▸ Data entries:

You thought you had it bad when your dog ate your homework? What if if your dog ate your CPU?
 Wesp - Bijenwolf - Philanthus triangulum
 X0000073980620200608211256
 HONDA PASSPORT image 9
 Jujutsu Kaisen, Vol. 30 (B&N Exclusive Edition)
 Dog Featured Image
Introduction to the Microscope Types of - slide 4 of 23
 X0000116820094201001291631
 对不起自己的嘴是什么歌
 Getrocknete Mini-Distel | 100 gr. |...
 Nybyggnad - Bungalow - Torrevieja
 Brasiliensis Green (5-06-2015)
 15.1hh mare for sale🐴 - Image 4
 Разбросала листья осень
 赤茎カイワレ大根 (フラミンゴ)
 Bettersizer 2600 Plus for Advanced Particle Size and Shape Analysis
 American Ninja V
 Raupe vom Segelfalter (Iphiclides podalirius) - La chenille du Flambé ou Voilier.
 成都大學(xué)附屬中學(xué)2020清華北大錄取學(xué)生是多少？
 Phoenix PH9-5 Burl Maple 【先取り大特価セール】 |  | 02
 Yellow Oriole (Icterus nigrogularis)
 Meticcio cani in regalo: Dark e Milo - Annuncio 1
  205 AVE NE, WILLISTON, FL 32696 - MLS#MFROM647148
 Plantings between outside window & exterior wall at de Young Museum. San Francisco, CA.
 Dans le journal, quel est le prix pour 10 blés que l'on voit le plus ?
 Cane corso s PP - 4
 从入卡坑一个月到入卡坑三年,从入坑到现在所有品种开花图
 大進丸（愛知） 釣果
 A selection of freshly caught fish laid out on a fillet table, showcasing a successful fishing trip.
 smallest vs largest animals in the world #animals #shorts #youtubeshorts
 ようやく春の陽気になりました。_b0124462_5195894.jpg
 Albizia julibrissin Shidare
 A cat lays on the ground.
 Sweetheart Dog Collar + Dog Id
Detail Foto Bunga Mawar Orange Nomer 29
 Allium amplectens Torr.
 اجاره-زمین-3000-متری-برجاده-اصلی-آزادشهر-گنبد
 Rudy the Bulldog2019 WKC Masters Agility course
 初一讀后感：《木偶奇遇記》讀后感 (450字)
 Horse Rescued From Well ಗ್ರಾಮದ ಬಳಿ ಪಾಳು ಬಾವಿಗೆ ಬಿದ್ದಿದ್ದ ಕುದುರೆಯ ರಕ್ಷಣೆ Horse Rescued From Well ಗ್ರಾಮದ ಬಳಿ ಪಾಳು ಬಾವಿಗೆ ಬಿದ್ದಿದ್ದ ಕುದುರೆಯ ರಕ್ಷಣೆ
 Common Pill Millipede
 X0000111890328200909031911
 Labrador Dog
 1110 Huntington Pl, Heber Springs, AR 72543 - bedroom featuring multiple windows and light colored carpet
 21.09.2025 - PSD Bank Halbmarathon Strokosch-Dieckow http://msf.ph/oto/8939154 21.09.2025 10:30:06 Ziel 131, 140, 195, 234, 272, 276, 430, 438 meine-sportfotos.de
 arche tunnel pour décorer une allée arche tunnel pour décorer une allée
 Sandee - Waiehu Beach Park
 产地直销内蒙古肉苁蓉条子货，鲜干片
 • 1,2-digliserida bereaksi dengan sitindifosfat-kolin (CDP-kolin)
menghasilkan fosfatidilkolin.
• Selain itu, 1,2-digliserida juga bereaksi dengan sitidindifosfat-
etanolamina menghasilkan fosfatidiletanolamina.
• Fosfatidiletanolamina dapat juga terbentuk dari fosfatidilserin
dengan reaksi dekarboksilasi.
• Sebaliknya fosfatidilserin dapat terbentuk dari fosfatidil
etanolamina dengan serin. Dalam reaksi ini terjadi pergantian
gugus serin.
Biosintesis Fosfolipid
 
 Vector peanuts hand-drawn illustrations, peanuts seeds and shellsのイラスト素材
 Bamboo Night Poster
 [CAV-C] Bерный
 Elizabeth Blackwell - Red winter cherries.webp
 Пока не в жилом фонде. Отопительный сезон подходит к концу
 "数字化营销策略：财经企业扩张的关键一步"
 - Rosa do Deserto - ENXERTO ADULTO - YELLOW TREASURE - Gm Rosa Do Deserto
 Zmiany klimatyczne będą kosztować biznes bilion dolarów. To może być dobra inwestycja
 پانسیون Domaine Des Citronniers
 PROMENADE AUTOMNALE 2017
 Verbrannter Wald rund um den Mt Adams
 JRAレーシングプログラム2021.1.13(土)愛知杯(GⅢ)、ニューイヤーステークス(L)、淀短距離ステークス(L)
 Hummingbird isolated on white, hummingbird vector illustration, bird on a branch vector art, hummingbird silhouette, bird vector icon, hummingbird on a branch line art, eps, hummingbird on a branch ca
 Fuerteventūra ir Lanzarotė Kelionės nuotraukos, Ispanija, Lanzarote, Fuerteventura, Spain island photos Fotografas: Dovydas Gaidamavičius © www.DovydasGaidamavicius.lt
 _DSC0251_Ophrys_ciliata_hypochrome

▸ PROBLEM TO WORK ON:
Set down exactly the line that holds "Пока не в жилом" and all lines after it to the end of the data.

▸ SOLUTION FOR THIS EXERCISE:
 Пока не в жилом фонде. Отопительный сезон подходит к концу
 "数字化营销策略：财经企业扩张的关键一步"
 - Rosa do Deserto - ENXERTO ADULTO - YELLOW TREASURE - Gm Rosa Do Deserto
 Zmiany klimatyczne będą kosztować biznes bilion dolarów. To może być dobra inwestycja
 پانسیون Domaine Des Citronniers
 PROMENADE AUTOMNALE 2017
 Verbrannter Wald rund um den Mt Adams
 JRAレーシングプログラム2021.1.13(土)愛知杯(GⅢ)、ニューイヤーステークス(L)、淀短距離ステークス(L)
 Hummingbird isolated on white, hummingbird vector illustration, bird on a branch vector art, hummingbird silhouette, bird vector icon, hummingbird on a branch line art, eps, hummingbird on a branch ca
 Fuerteventūra ir Lanzarotė Kelionės nuotraukos, Ispanija, Lanzarote, Fuerteventura, Spain island photos Fotografas: Dovydas Gaidamavičius © www.DovydasGaidamavicius.lt
 _DSC0251_Ophrys_ciliata_hypochrome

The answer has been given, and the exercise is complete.